O escritor norte-americano Philip Roth, que recentemente anunciou sua aposentadoria, diz que escrever é uma “frustração” e mantém uma nota sobre seu computador em que se lê: “A briga com a escrita acabou”. Concorda com Roth? É possível a um escritor se aposentar?

Em sentido jurídico não sei como anda no Brasil a questão pelo Instituto Nacional de Seguro Social (INSS) sobre a aposentadoria do escritor, se possui uma legislação em separado, ou corre a par de atividades afins, o que é mais provável. Há anos a UBE (União Brasileira de Escritores) trouxe à baila a questão, porém perdi completamente o contado com a associação, da qual nunca fui muito próxima, assim não sei no que deu. Já no sentido informal que você dá à pergunta, por que não? Vários escritores deixam de escrever sem anunciar o fim de sua atividade. O que Philip Roth faz e com certo aparato. 

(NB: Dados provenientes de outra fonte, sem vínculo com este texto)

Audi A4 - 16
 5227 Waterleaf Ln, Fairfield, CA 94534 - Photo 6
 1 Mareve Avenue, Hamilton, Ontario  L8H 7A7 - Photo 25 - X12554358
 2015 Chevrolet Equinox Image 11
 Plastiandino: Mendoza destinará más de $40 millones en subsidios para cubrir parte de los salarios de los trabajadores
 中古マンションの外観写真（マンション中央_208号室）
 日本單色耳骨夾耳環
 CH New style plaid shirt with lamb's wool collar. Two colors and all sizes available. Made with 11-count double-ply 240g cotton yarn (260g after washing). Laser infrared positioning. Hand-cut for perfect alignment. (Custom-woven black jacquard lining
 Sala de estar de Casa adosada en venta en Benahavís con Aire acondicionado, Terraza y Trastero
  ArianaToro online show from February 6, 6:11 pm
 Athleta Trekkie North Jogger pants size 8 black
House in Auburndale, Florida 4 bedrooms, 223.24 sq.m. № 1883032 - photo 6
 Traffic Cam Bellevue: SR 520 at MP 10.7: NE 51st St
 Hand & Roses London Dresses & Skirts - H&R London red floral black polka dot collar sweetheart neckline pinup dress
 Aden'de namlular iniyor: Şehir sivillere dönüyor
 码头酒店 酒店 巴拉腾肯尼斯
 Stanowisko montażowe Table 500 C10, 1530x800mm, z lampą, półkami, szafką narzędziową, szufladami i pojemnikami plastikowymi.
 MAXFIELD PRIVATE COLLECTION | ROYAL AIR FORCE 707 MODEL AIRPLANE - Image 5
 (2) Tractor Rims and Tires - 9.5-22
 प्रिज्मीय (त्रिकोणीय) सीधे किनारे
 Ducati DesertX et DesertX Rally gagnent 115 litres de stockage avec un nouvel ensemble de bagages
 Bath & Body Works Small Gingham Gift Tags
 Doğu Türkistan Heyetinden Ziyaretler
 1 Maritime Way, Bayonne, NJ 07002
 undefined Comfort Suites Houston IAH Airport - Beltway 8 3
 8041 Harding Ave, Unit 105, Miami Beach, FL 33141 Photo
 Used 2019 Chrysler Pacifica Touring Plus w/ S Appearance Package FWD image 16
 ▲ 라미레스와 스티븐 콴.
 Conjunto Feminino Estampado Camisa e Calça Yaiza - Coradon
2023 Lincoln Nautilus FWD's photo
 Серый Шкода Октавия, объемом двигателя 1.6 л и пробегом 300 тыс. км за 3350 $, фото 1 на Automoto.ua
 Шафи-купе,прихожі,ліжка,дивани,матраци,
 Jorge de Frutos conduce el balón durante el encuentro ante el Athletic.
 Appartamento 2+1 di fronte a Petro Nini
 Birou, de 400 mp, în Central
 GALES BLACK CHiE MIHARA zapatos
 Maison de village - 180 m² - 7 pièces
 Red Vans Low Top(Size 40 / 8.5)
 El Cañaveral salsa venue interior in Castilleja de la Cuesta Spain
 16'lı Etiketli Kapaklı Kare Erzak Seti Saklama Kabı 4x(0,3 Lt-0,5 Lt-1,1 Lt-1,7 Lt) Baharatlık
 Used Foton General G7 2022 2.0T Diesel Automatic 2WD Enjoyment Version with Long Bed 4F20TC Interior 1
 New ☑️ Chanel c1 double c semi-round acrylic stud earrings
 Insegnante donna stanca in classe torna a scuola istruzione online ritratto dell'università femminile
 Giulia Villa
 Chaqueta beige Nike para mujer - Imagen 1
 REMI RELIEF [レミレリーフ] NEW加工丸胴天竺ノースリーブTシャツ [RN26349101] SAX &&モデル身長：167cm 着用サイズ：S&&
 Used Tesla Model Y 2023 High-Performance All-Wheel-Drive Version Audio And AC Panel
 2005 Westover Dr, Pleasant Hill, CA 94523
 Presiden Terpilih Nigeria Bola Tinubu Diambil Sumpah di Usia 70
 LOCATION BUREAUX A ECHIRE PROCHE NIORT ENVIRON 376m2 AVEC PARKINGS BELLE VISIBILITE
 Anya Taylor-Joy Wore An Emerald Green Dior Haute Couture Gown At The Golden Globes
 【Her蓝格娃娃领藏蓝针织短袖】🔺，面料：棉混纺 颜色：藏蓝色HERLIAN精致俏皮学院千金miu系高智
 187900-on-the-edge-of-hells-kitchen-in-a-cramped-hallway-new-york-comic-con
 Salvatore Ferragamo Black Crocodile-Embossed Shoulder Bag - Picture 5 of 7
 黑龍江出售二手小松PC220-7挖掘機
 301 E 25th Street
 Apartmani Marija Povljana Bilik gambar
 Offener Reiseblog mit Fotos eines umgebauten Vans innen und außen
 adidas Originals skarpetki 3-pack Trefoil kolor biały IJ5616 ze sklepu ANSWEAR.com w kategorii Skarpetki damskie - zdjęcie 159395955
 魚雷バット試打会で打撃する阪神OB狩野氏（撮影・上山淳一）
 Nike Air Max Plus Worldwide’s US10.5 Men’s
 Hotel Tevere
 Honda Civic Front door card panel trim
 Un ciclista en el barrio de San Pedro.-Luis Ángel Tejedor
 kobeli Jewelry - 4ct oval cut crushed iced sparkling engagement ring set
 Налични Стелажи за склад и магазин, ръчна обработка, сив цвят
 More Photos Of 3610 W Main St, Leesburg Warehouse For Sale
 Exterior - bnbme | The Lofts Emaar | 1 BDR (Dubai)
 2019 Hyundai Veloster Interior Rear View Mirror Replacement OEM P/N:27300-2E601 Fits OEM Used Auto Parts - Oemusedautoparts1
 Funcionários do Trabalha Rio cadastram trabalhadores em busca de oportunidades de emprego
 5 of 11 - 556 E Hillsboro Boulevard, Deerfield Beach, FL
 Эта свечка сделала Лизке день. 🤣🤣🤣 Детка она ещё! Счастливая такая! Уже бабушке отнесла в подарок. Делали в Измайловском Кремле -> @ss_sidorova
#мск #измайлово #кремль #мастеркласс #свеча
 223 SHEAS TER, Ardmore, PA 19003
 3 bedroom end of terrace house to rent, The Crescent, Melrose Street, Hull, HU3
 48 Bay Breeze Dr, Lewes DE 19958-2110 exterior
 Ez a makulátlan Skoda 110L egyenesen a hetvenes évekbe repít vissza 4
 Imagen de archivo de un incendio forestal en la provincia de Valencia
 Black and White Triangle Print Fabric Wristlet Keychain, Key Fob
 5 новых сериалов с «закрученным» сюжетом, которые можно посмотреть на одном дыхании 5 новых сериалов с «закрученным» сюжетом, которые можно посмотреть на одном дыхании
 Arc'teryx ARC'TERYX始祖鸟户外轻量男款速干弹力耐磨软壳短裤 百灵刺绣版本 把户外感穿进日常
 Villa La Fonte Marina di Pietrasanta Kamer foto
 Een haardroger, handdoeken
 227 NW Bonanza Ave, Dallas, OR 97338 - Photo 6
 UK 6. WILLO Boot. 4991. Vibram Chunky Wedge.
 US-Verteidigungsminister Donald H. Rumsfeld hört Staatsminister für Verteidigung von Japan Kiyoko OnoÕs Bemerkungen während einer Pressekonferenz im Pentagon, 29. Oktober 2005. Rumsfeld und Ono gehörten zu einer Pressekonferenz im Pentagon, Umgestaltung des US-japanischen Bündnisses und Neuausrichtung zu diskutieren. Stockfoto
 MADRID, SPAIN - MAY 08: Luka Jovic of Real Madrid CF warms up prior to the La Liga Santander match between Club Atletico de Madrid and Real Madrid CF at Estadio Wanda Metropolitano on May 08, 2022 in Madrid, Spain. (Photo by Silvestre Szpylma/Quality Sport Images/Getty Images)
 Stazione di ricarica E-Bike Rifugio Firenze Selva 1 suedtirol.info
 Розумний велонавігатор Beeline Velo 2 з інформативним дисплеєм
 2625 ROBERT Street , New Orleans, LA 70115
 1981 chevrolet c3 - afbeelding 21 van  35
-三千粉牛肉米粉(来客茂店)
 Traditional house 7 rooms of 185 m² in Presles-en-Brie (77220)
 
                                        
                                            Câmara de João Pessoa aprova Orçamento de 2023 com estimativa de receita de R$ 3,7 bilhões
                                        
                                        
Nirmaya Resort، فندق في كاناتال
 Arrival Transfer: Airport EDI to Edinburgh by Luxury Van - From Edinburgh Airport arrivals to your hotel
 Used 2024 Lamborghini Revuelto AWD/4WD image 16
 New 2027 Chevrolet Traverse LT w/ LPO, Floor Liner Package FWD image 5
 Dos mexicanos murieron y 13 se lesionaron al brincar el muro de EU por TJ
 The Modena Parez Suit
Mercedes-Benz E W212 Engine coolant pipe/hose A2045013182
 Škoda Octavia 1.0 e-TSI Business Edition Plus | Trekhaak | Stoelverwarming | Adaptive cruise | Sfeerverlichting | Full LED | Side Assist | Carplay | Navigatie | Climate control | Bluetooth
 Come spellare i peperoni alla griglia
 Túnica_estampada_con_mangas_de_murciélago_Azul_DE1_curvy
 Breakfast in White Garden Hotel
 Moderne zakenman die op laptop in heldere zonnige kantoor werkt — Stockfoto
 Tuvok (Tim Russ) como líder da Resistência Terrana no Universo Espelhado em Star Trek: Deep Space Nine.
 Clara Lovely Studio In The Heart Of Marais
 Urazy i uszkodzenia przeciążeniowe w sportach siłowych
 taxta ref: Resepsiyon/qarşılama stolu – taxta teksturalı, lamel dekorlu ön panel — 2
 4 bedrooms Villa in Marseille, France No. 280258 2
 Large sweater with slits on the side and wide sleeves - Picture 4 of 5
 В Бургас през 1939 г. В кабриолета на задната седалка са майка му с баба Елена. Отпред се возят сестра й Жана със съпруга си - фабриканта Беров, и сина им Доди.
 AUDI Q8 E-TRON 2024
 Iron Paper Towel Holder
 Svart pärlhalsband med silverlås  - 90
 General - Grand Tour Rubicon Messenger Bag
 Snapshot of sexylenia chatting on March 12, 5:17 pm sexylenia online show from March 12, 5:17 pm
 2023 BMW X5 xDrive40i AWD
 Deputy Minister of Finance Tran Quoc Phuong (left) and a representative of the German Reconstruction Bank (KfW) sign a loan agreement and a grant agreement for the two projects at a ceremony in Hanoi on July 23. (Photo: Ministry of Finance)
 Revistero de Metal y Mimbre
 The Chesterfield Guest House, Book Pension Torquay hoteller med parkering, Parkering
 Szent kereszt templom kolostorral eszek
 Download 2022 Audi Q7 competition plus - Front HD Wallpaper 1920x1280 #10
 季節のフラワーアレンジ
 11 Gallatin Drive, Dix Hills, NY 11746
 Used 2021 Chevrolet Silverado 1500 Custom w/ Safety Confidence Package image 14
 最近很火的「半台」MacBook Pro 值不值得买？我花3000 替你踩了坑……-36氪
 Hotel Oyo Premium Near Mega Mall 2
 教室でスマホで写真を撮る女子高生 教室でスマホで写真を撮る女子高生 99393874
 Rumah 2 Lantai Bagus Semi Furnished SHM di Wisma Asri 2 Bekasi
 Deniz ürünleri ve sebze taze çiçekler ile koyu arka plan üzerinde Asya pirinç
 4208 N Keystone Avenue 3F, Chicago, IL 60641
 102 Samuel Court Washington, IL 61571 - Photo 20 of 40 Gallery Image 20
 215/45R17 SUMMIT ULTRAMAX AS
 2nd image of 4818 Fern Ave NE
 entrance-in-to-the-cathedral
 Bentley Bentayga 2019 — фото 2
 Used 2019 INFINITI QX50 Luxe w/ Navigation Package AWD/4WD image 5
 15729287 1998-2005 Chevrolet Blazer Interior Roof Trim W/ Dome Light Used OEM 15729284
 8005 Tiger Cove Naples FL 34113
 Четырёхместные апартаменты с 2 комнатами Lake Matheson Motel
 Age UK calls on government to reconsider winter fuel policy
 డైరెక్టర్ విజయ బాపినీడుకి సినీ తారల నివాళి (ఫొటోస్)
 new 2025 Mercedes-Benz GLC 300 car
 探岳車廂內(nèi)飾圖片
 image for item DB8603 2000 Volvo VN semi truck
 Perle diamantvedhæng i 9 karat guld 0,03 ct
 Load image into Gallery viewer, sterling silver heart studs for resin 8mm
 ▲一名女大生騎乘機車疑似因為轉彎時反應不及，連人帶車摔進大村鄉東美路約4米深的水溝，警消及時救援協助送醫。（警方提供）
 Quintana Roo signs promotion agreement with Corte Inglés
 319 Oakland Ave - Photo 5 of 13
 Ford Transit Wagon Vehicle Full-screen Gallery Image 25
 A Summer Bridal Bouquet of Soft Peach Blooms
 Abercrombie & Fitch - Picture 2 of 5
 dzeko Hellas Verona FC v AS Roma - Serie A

Vilma Arêas, em uma entrevista ao jornal Rascunho, afirmou que “a forma escolhida pelo escritor tem a ver com seu temperamento”. A senhora concorda? Apesar de transitar por diversos gêneros, as ficções breves — que a senhora não chega a definir como contos — são parte fundamental de sua obra.

Concordo com Vilma, se é que a entendi bem nesse pequeno destaque, ampliando porém a noção de “temperamento”; pois escrevemos com o que somos, ainda que não exista uma relação simples de causa e efeito no processo.